Inside Florida's Red-Meat Republican Primary

By Joe Klein Thursday, Oct. 22, 2009

On a recent Saturday night in Daytona Beach — with a thousand or so bikers exercising their unalienable right to be extremely noisy in the streets — Marco Rubio, the new ultraconservative poster boy running for the U.S. Senate in Florida, offered the Volusia County Republican Party a carefully calibrated, and rather compelling, celebration of freedom.

He spoke about his Cuban heritage. His parents had escaped Castro. "It is possible to lose your freedom. You can have your family business taken over by 'the people.' You can lose your country. My parents did," he said, while carefully adding that he wasn't saying that would happen here.

The assembled Republicans seemed to ignore the caveat: they were the sort of people who are convinced that we are well down the road toward losing our country. Their local leaders had gone to Washington for the Sept. 12 tea-party march. The winner of the Republican of the Year award announced his daily fidelity to Glenn Beck's talk show. They described themselves, more than once, as "fighters for freedom."

The man who introduced Rubio said the Democrats were intent on confiscating wealth in order to buy votes: "Our American principles are under attack in a way they never were before." Rubio refrained from feeding the crowd red meat — his was medium rare — but he did present a vision of the country at a crossroads of freedom and European-style socialism. "If we become like every other country, we will no longer be exceptional," he said. "And our children will ask us, Why did you let that happen?"


The Republican Senate primary in Florida, between Rubio and Governor Charlie Crist, will receive a great deal of national attention in the coming months.

At a time when, according to a recent poll, only 20% of Americans identify themselves as Republicans, this race may be the purest test of where the party is headed, a choice between pragmatism and ideology. Both candidates are excellent. Rubio, a former speaker of the Florida house, is young, handsome, enthusiastic and articulate in an unpackaged, spontaneous way.

Crist has been, by almost every account, a popular and successful governor. He is more the traditional politician, smoother than glass. "I smile a lot," the governor told me, sitting on the patio of his official Tallahassee mansion. "I'm a happy warrior."

By any reasonable standard, Crist would be considered a conservative.

He is pro-life, pro-gun, antitax, big on law and order, a foreign policy hawk. But these are not reasonable times. In February, Crist not only came out in favor of Barack Obama's stimulus package; he welcomed the stimulator himself to Florida.

(he also loves open borders and amnesty)

There is a picture, which Floridians will see more than once before the primary, of the governor and the President arm in arm. Crist's aides can list the various things the stimulus funds have done for Florida — saved the jobs of 26,000 teachers, for starters.

They will also tell you that Florida is a net "donor" state: it sends more money to the Federal Government than it receives. "Why shouldn't we get our fair share?" the governor asks. And as for his Obama hug, "He is the President of the United States. You honor the office."
(Read "GOP Governors: Split over Obama's Stimulus Plan.")

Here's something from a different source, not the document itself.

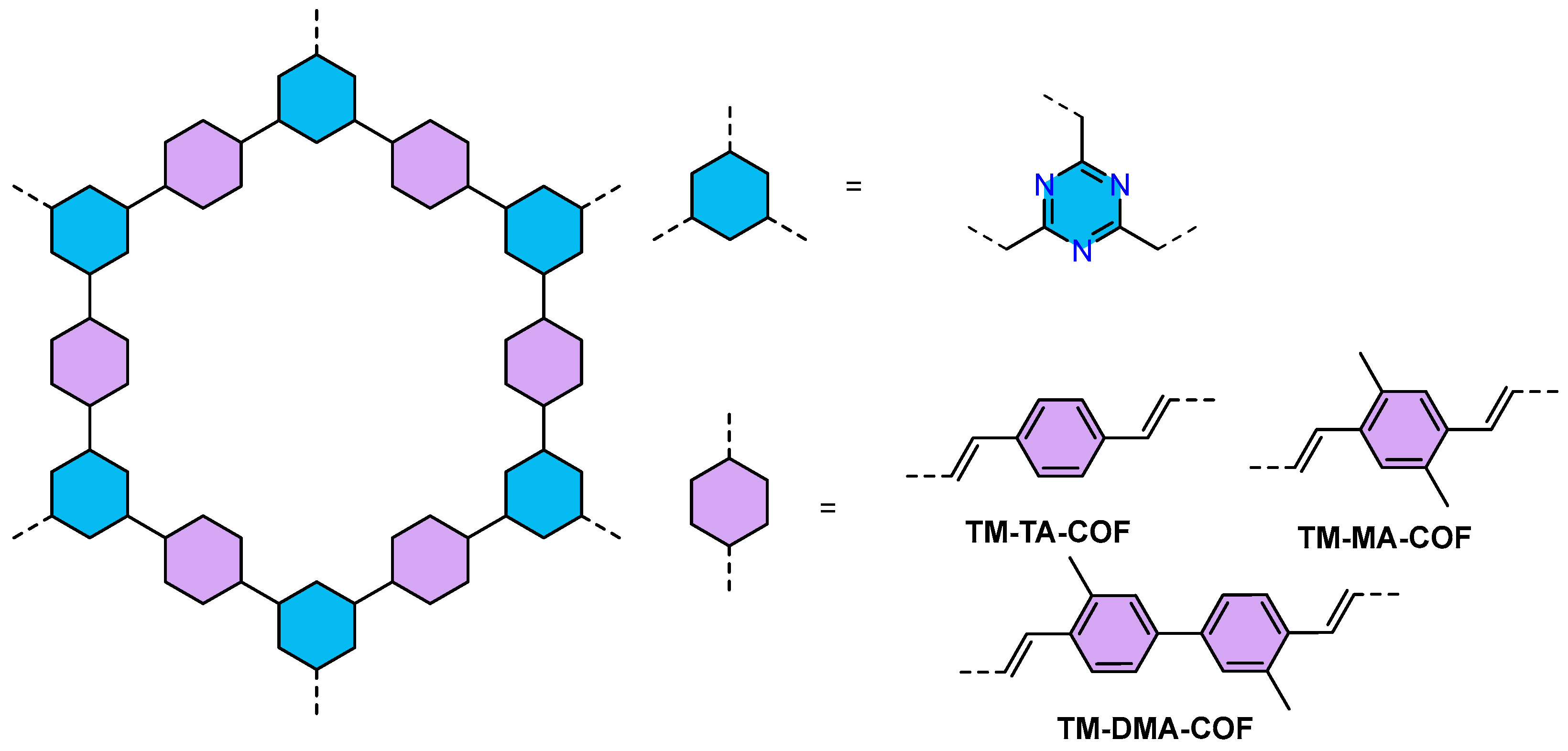 Energies 16 05888 g028 Energies 16 05888 g028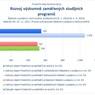 Rozvoj výzkumně zaměřených studijních programů.jpg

Then again, according to other polls, about a third of Republicans nationally don't think Obama was born in the U.S. A disproportionate number of them are the people who go to rallies and vote in primaries.

The activists will probably be the heart of Rubio's campaign — although the candidate told me he doesn't consider the President's birth certificate an issue. "There are much bigger problems to worry about," Rubio said. "There is the massive growth of government."

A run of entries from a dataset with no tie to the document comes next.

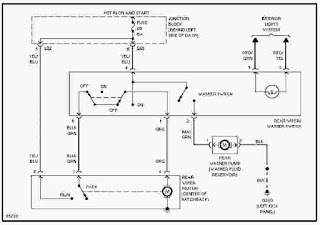 1996 Suzuki Swift Wiring Diagram - Wiring Diagram Service Manual PDF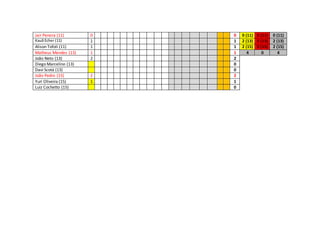 Jair Pereira (11) 0 0 0 (11) 0 (11) 0 (11)
Kauã Echer (11) 1 1 2 (13) 0 (13) 2 (13)
Alison Tofoli (11) 1 1 2 (15) 0 (15) 2 (15)
Matheus Mendes (13) 1 1 4 0 4
João Neto (13) 2 2
Diego Marcelino (13) 0
Davi Scotá (13) 0
João Pedro (15) 2 2
Yuri Oliveira (15) 1 1
Luiz Cochetto (15) 0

The "massive" growth of government is a terrific issue in the abstract.

It becomes more problematic when you get down to details: Would Rubio actually have turned down the stimulus funds that he criticizes Crist for accepting? In Florida, with its elderly population (receiving government pensions and government health care) and its exotic climate, Rubio's form of libertarianism is a fantasy.

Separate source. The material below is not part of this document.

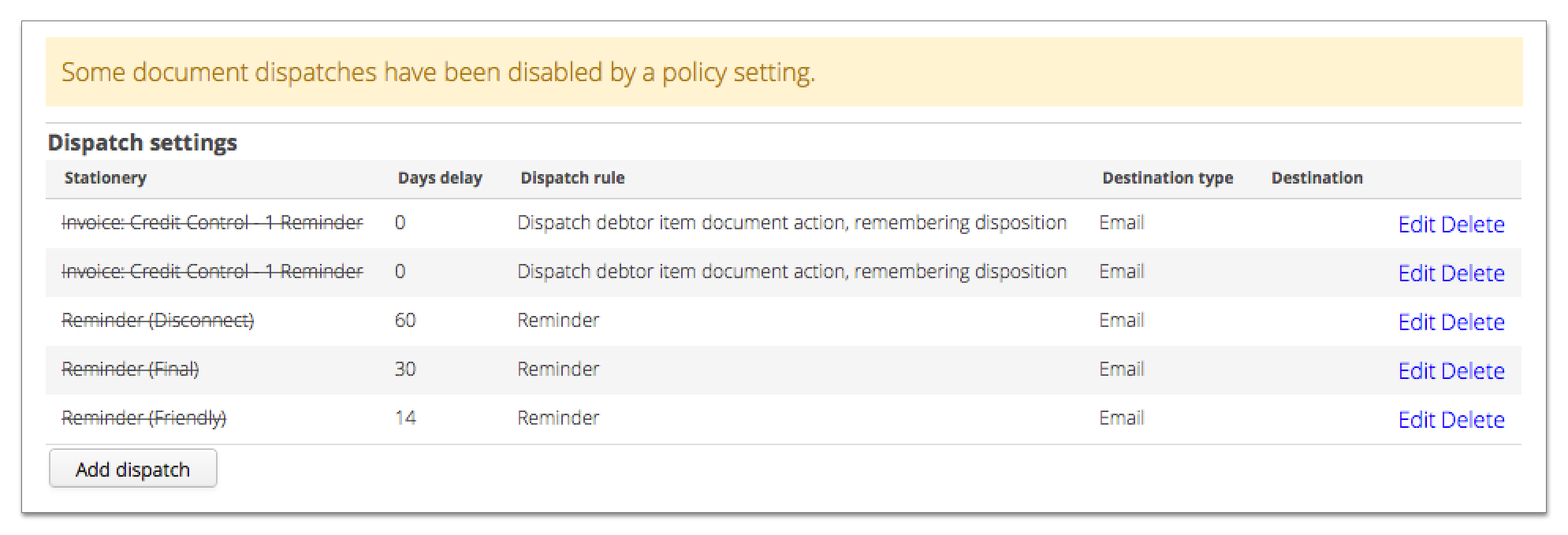 The image shows an account's Document Dispatch page showing disabled credit control reminders..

Indeed, after the wild hurricane season of 2005, Governor Jeb Bush was forced to offer homeowners a public-insurance option — private-insurance rates were skyrocketing — which quickly became the state's largest insurer.

"Lord, save me from the purists," says Jim Greer, the state's Republican Party chairman and a Crist supporter. "If the party keeps going in this direction, all we'll have left will be three people sitting around a table. They'll be absolutely pure, but none of them will be holding office."

Crist says he has faced conservative challengers in Republican primaries before and won each time. This time, I suspect, his fate is tied to Obama's success: if the economy is looking better when the primary rolls around next August, Republicans may not be as riled up as they are now. "I'm not seeking the angry vote," the governor told me with a smile. "I'm seeking the optimists."